■ SOURCE MATERIAL ■
------------

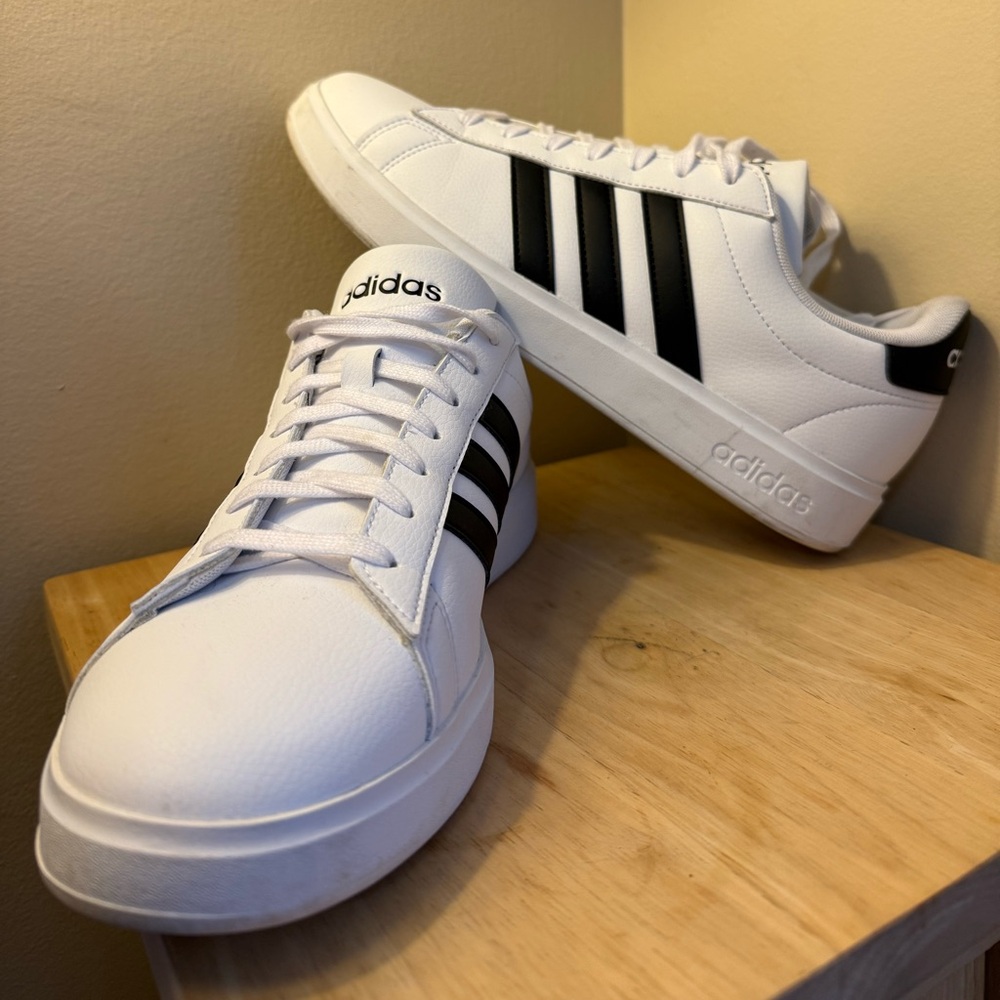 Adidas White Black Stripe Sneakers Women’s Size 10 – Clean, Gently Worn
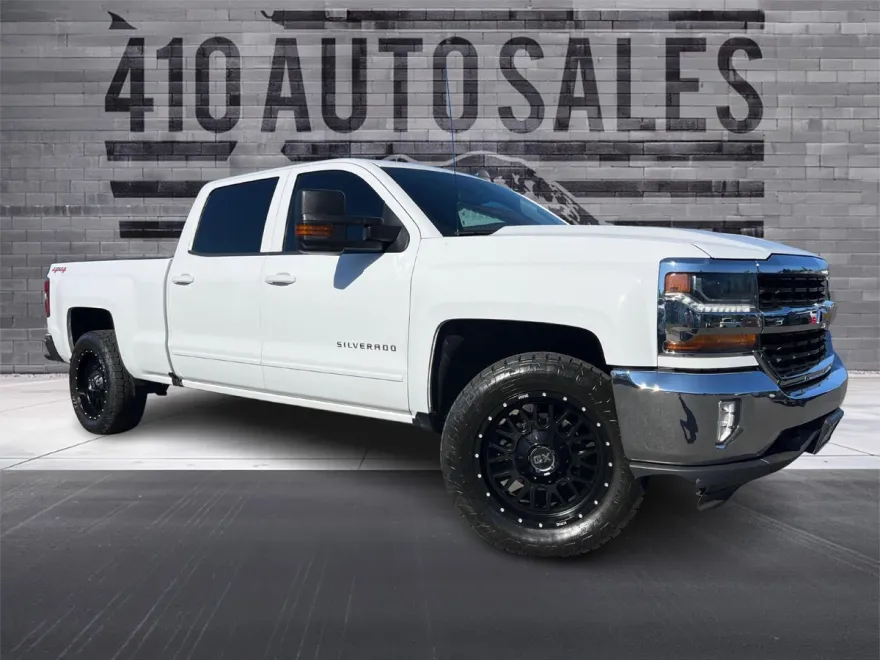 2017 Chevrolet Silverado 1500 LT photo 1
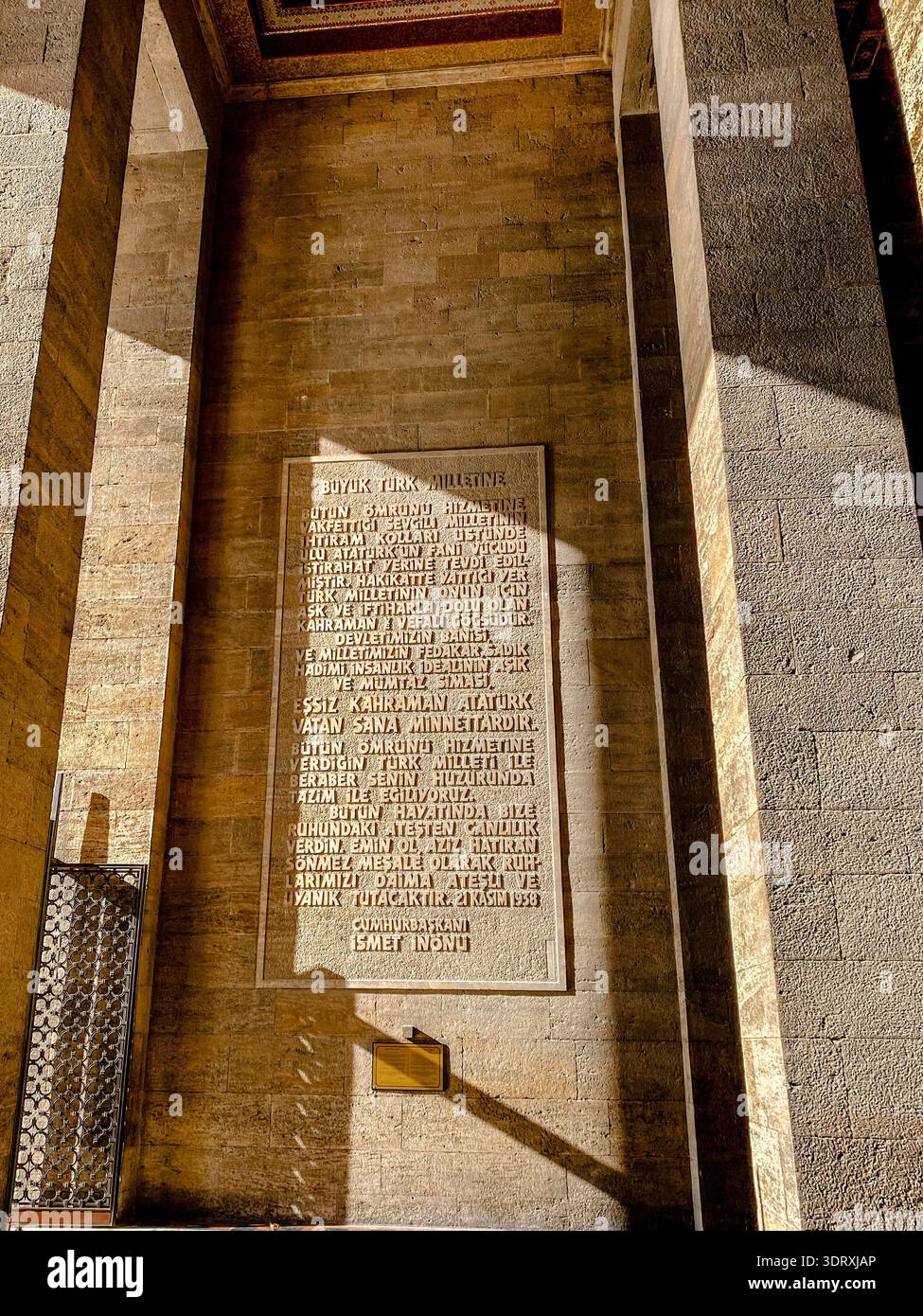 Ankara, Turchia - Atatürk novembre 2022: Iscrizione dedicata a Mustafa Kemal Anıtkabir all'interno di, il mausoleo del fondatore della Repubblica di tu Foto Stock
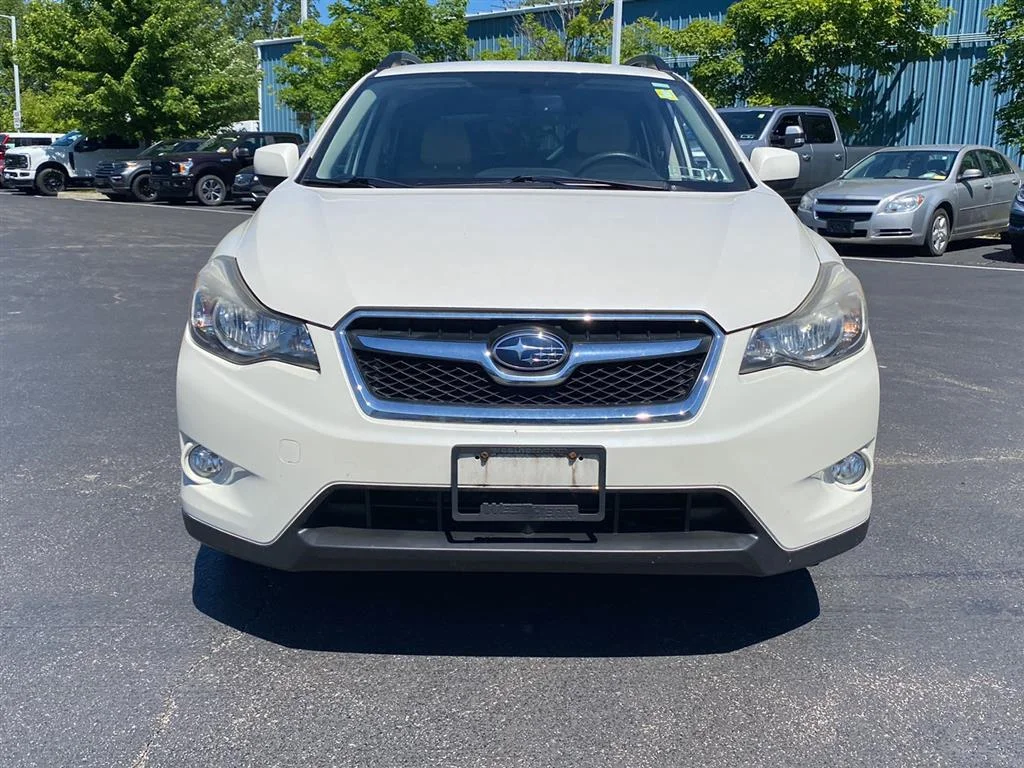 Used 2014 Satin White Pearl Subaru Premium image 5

------------

■ DIRECTIONS ■
Quote the material above exactly, from the line holding "Ankara, Turchia - Atatürk" through its last line, including both. Omit the pictures.

■ ANSWER TO THE EXERCISE ■
 Ankara, Turchia - Atatürk novembre 2022: Iscrizione dedicata a Mustafa Kemal Anıtkabir all'interno di, il mausoleo del fondatore della Repubblica di tu Foto Stock
 Used 2014 Satin White Pearl Subaru Premium image 5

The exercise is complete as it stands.